Surfacing After Silence

Life. After.

Choices, choices, choices (again)

the daily dilemma

Every day I have a choice to make: what bracelet do I want to sport with my MedicAlert tag? I suppose I could choose not to wear one at all, but that wouldn’t really be a smart choice given my heart’s tendency to do some weird things.  So these are a few of the choices I have available to me.  Periodically I make another one just to match a particular outfit.  If I have to wear one, I might as well be stylish.

On a more serious note, I’m jumping back to the world of Facebook and Formspring.  I recently chose to delete my Formspring account since the questions and accusations were getting out of hand, and even though I personally wasn’t tempted to change my behaviors, I was afraid that other people reading the comments would start to question their recovery.  So left the drama of Formspring in the dust.

At one point during the whole drama, I did leave a comment asking that if anyone did not agree with my beliefs about where I was in recovery, they could feel free to “unfriend” me.  I asked this open question since the people making the accusations were doing so anonymously.  If they had left their names, I would have taken action myself and unfriended them on my own.  I don’t need people calling me names or making assumptions based on information from the all-knowing news feed.

I’ve seen a few status updates lately that raise the question of choice and personal responsibility in the world of online social networking: “Please delete yourself if you are not in recovery.” “Please unfriend me if you are going to post triggering photos.”  “Please unfriend me if you are going to comment about your eating disorder.”  These are just a couple of examples.

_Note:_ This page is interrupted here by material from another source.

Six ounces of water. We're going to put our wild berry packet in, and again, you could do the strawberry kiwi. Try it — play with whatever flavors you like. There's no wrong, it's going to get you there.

I think the intention behind these status updates is okay.  An individual is realizing that he or she is currently finding other people’s posts or photos on Facebook to be upsetting and is seeking to change that.  The problem, however, is that the individual is not willing to accept personal responsibility and take action to resolve the situation.  By this, I mean that the individual is asking other people to decide whether or not they may or may not be triggering to this individual and then to delete themselves from his or her profile.  How is one supposed to know whether or not they are providing upsetting posts or photos?  What is triggering to one person is not triggering to another person.  And a person cannot inherently be triggering.  Their actions or words can stir up unpleasant thoughts, but you have to make the choice to let them trigger you or not.  So if someone’s posts or photos are upsetting, accept the responsibility for your feelings and delete/unfriend that person on your own.

Two points from the previous sentences need to be addressed/clarified:

A) There is nothing wrong in admitting that someone else’s actions are upsetting you/triggering you.  In fact, it’s a sign that you are becoming more aware of your personal triggers and by taking action and unfriending that person, you are taking steps to ensure your own recovery.  You should not worry about upsetting the other person.  If he or she is truly interested in your welfare, he or she will understand your actions and will respect them.  You may even inspire them to make similar choices in their lives.

B) You heard me right: You make the choice about whether or not something is triggering.  If you want to remain in a 100% trigger-free world, then lock yourself in your bedroom with your declared safe objects and never leave.  Do not listen to the radio, do not watch television, do not buy any magazines, do not read books, and whatever you do, do not go online.  My point is that it’s impossible to erase every potential trigger from your life.  We live in a media-saturated society and there is no escaping it.  You can see a magazine in the checkout line that has some extremely thin actress on the cover and choose to not eat dinner that night or you can say, “I’m not going to let another person affect my health and my recovery.”

I’m not saying any of this is easy.  And in the beginning of recovery, you will constantly have to make the choice not to let something trigger you.  And in the beginning, surrounding yourself with as many positive people, both in the real world and online, is a smart choice.  Personally, I am at a point in recovery where I can have people on my friend’s list who are nowhere near wanting recovery who post pictures that could easily be seen as thinspiration and not have it affect me.  Four years ago, I would not have been able to say that.  But the longer you spend in recovery, the stronger you become and the better you are able to resist those eating disorder thoughts that pop into your head in certain situations.  Eventually, those thoughts don’t even pop into your head at all.

Again, as I’ve stated before, this is a process.  Each person will take a different journey, a different route, and each person will take a different amount of time.  Each person will have different needs.  But it is not fair to ask other people to read your mind and know what you need and what bothers you and what your triggers are.  That is your responsibility.  Choose to accept that responsibility and, therefore, choose to strengthen your recovery.


July 7, 2010 - Posted by | Communication, Eating Disorders, recovery, relationships | , , , , , , , , , , , , , ,

1 Comment »

  1. This is one of my favorites. I can identify with and echo so much of what you write here.